=== EXCERPTED DATA ===
============
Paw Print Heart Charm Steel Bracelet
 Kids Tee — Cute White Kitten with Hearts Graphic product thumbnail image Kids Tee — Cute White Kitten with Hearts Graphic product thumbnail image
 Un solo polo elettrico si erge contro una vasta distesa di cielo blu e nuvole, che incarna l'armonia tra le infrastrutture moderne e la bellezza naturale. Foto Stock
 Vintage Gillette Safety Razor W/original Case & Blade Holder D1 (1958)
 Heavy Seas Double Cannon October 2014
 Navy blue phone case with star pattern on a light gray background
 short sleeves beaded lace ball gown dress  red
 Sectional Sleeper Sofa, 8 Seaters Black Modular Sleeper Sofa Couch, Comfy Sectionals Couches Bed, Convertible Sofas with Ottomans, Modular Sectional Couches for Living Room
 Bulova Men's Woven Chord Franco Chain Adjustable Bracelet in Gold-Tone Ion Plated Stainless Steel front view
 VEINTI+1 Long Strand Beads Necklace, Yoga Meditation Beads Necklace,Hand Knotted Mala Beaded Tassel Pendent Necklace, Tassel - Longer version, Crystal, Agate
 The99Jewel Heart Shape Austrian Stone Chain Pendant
============
=== WHAT THE TASK ASKS ===
Take every line from the data above that holds "Bracelet" and copy it out.

=== FINISHED TASK ===
Paw Print Heart Charm Steel Bracelet
 Bulova Men's Woven Chord Franco Chain Adjustable Bracelet in Gold-Tone Ion Plated Stainless Steel front view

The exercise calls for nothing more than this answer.